We use the term ligand to refer to a chemical compound which forms a complex with a biomacromolecule (e.g., sugar, drug, heme). Ions can also function as self standing ligands, or they can be part of a residue (such as Fe in heme). In the PDB format, a ligand has its own residue identifier and annotation (3-letter code), and is composed from HETATM records. The ValidatorDB term residue thus fully covers ligands.
ValidatorDB uses molecules as an umbrella term for ligands and non-standard residues. Therefore, all properties of ligands and non-standard residues are valid for molecules as well (PDB entry of origin, residue annotation, residue identifier, number of heavy atoms, properties assigned after the validation, etc.). Moreover, a single occurrence of a ligand or non-standard residue is also a molecule.

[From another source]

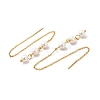 Glass Pearl Beaded Ear Thread EJEW-P219-13G-2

It is essential to note that ValidatorDB contains validation results for all ligands and non-standard residues containing 7 or more heavy atoms. These are denoted as molecules relevant for validation, or simply molecules. The reason ValidatorDB focuses on these types of molecules is that they exhibit high diversity and nontriviality in their structure.
We use the term model to refer to a particular structure that is known to be correct. This structure will then be used as reference in the validation process. A model is identified by its residue annotation (3-letter code). The origin of the models used by ValidatorDB is the wwPDB Chemical Component Dictionary (wwPDB CCD).
The term motif is used here as a fragment of a biomacromolecule, biomacromolecular complex or ligand, made up of one or more residues or parts of residues. Specifically, the term input motif refers to the individual molecule being validated, together with its surroundings (i.e., atoms from neighboring residues, within two bonds of any atom of the validated molecule). Each input motif in ValidatorDB is assigned a unique motif identifier based on its PDB entry of origin. On the other hand, the term validated motif (or validated molecule) refers strictly to the subset of atoms in the input motif which were successfully mapped to atoms in the model.